This repository contains the source code and implementation material for the project "Implementation of the Hybride Explainable artificial intelligence (XAI) method for music recognition".
The goal of our work is to implement an algorithm to explain the predictions of music recognition systems. The repository contains the code. Two versions of explanations (temporal and time-frequency) can be generated using the repository code. Details about the constituents of each XAI model and how to generate explanations is provided in the "Readme" file located at each sub-directory of the official implementations.
This work is divided into three parts, each containing the results of the methodological phases .
Note: some code snippets were adopted or are based on other repositories/sources, which is stated in the concerned cells.
- All experiments were conducted with laboratory server (recommended high Ram and GPU)
- part 3 requires the outputs of part 1 and 2
- python: numpy, pandas, tensorflow, keras, sklearn, IPython, lime, skimage, sys, math, time, logging, glob, os, scipy, h5py, json, librosa, multiprocessing, urllib, io, zipfile, pickle, matplotlib, PIL
The dataset used is GTZAN (the famous GTZAN dataset, the MNIST of sounds)
The GTZAN dataset contains 1000 audio files. Contains a total of 10 genres, each genre contains 100 audio files
1.Blues
2.Classical
3.Country
4.Disco
5.Hip-hop
6.Jazz
7.Metal
8.Pop
9.Reggae
10.Rock
In this PART are presented the use case we shoosed for audio classification followed by a precise description of the audio representations, EDA and audio prossesing using LIBROSA library for creating the data samples used as input in our proposed XAI technique and finally we present the neural network we implimented from scratch as a baseline, training phase of the network and the pretrained VGG network using Tranfer learning, used as black-box model to produce the explanations
- Clone or download this repository into your root folder (if you use a subfolder, you have to adjust the root_path in the ipynb notebooks)
- Run all cells of the first script in order to:
- Download dataset
- Data processing
- EDA
- Create spectrograms (.hdf5 files)
- Create splits
- Train models
- Evaluate models (accuracy, confusion matrix and loss plots)
- Transfer learning with VGG16
Experiment results showed that validation accuracies and losses are similaire in both baseline and vgg model
Model | BASELINE | VGG16 |
---|---|---|
Accuracy | 0,95 | 0,93 |
LOSS | 0,25 | 0,24 |
Lime is able to explain any black box classifier, with two or more classes. All we require is that the classifier implements a function that takes in raw text or a numpy array and outputs a probability for each class. Support for scikit-learn classifiers is built-in.
SHAP (SHapley Additive exPlanations) is a game theoretic approach to explain the output of any machine learning model.
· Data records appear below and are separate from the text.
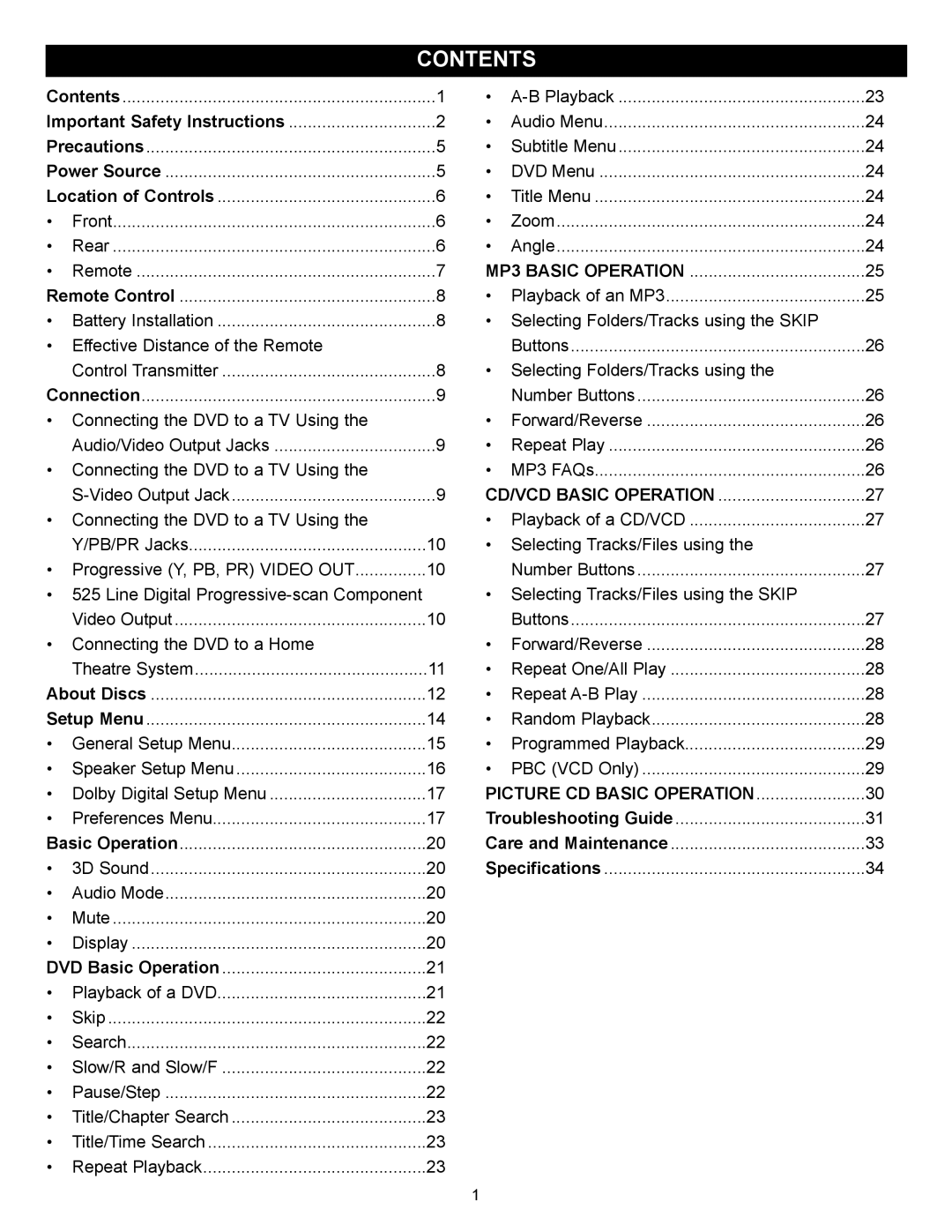 Memorex MVD2032 manual Contents 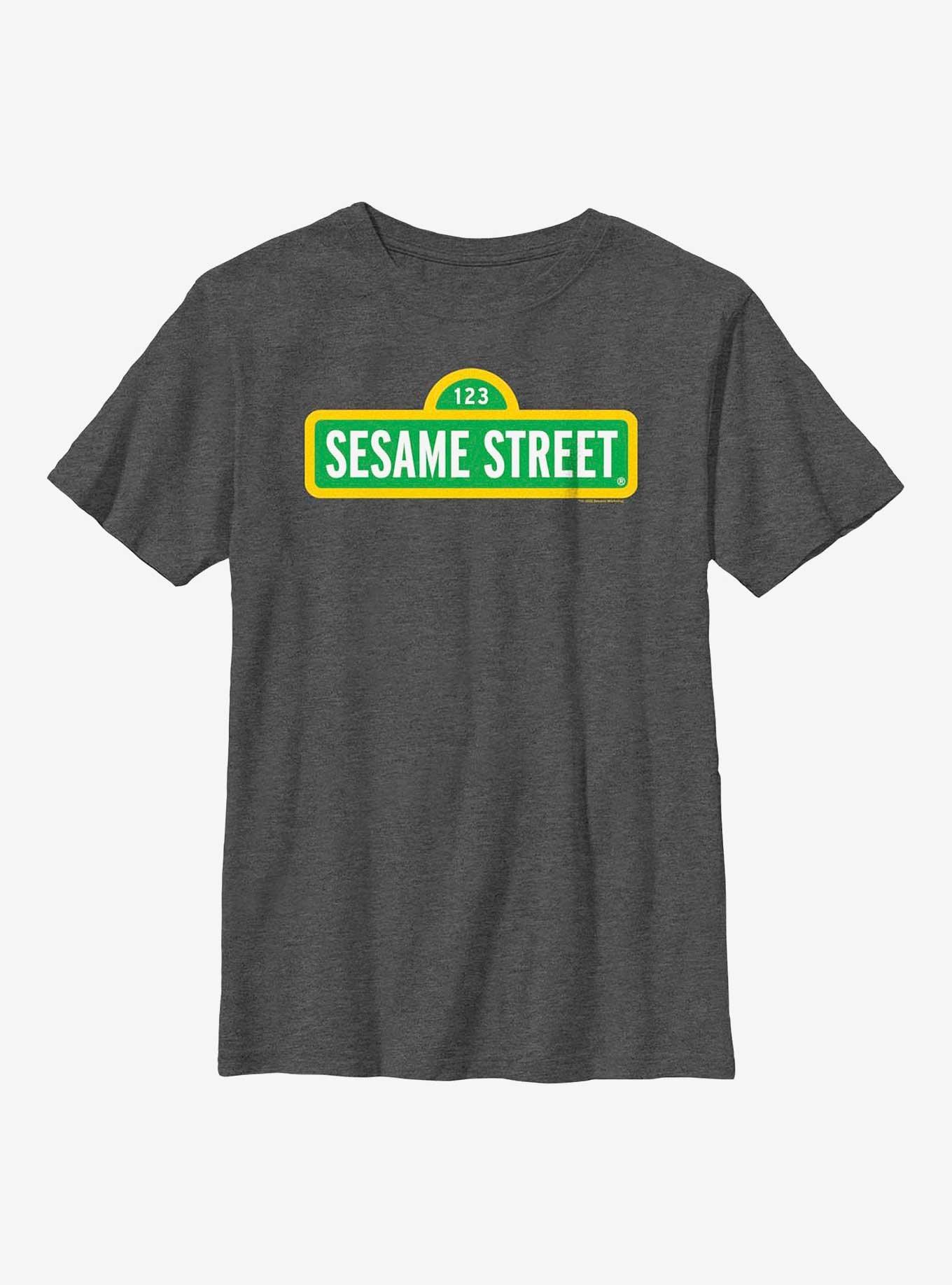 Sesame Street Sign Youth T-Shirt, CHAR HTR, hi-res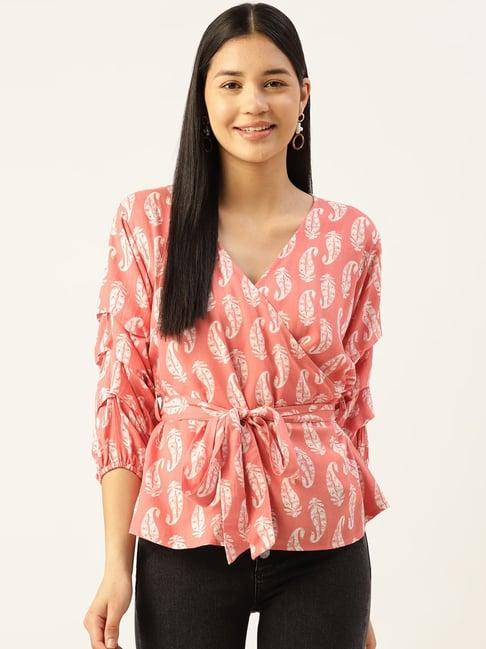 alsace lorraine paris peach printed top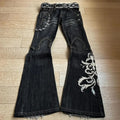 Y2K punk flared jeans, heavy embroidered jeans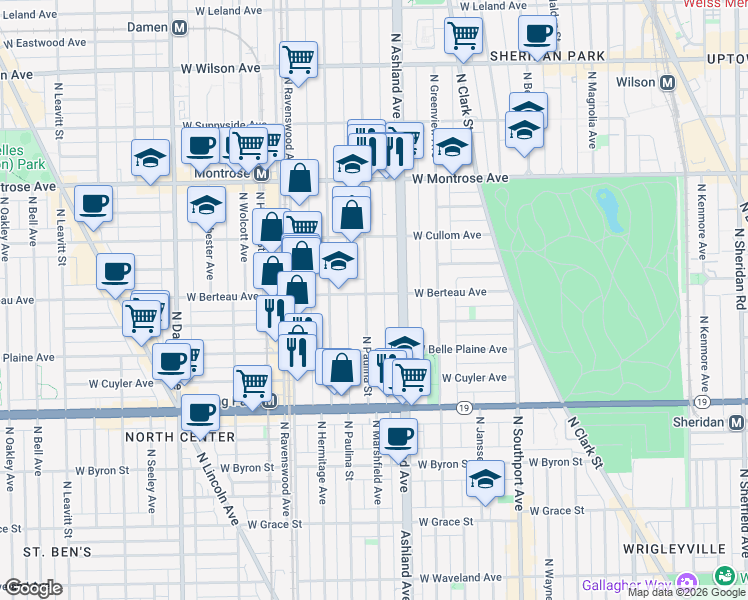 map of restaurants, bars, coffee shops, grocery stores, and more near 4157 North Paulina Street in Chicago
It connects optimal credit allocation with local explanations using the classic Shapley values from game theory and their related extensions
- run script" of the second part
- pip install shap
- pip install LIME
- You can use the notebook Local_XAI_for_MGR_.ipynb to plot and analyse the results.
- Statistical results showed that SHAP MFCC features contribution correlations are more related to the modele predictions
- We compared the XAI results and modele precision using mean contributions precision metric and in differnt iterations we found:
- Classifier: 0.95
- SHAP: 0.86
- LIME: 0.70
- The experimental results do not show stronger attributions to classes using LIME this is because of its instable nature in nature (see report for more details).
- Visual results can be prouved by choosing other parameters that are much relevent to the task ( see future work section in report).
Accumulated local effects(ALE) aims to highlight the effects that a specific features have on the predictions of a machine learning model by partially isolating the effects of other features. The resulting ALE explanation is centered around the mean effect of the feature, such that the main feature effect is compared relative to the average prediction of the data.
- pip install ALE
- converting the data from 2D to a 1D array by averaging the rows
The experiments results show the Accumulated Local Effects (ALE) plots for the audio classification model trained on the music dataset for the respective features shosen by SHAP.
So, in the plots (see ALE section in report) we can see how ALE shows the importance of feature at the class level by showing in which interval the feature is important for the respective class. In this way, Accumulated Local Effects (ALE) helps in looking at the effects that specific features have on the predictions of a machine learning model.